They sparred for a few more minutes, until Bucky felt the stirrings of the dark thing deep in his brain and the tightening of his muscles.
He stopped and looked casually at the clock, then at Steve, and said, "Time for shower and dinner."
"Dinner's already in the works," Steve replied, stretching his arms behind his back. "Natasha and Sam are bringing us something new."
-0- -0- -0-
Dinner ended up being seafood and rice from a Taiwanese place with Natasha and Sam, along with something called bubble tea. Bucky sat at the kitchen counter and lifted the large cup of tea with the wide straw and looked at the purple liquid in the clear plastic.
"What the hell is bubble tea?" he asked Steve, catching Natasha's grin out of the corner of his eye.
Steve jerked his chin. "Just try it. It's a big thing."
Bucky shrugged and took a sip. Something large and squishy entered his mouth. A blueberry, maybe? He kept it between his teeth and, once he swallowed the tea, grabbed it with his fingers. It looked like a clear, slightly elongated, ball.
"Is this a kind of jellyfish gut, or something?" Bucky asked, eyeing it skeptically.
Sam laughed. "No, Ice Man, it's a tapioca ball."
"Why is it in the tea?"
"Because they're fun to chew and loaded with carbs," Natasha said, "like most things not terribly good for you."

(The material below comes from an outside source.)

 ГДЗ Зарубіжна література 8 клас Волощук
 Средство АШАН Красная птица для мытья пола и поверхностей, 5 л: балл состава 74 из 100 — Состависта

Bucky shrugged and popped it into his mouth, giving it an experimental bite. It was rather tasteless, but the texture was interesting.
"We have got to get you more exposed to the modern world," Sam said, grinning. "I desperately want to see your reaction to pop rocks."
"What?" Steve and Bucky asked in unison.
Natasha smiled. "Two for one entertainment. We'll have to film it." She tilted her head. "Are those even still around?"
Sam nodded. "Hell, yeah."
"So, any movies still on your catch-up list?" Natasha asked Bucky.
He shrugged. "A ton, I'm sure." He took another sip of tea.
"We should watch JFK with Kevin Costner sometime," Sam suggested. "That's a great movie. Catch you up on some of the history you might've missed."
Bucky almost choked on the tapioca ball. John. F. Kennedy. The President. The open-topped limo. Two bullets, both hit their mark, but the second one was the fatal one. The first fired by another Russian Hydra agent to create chaos and confusion.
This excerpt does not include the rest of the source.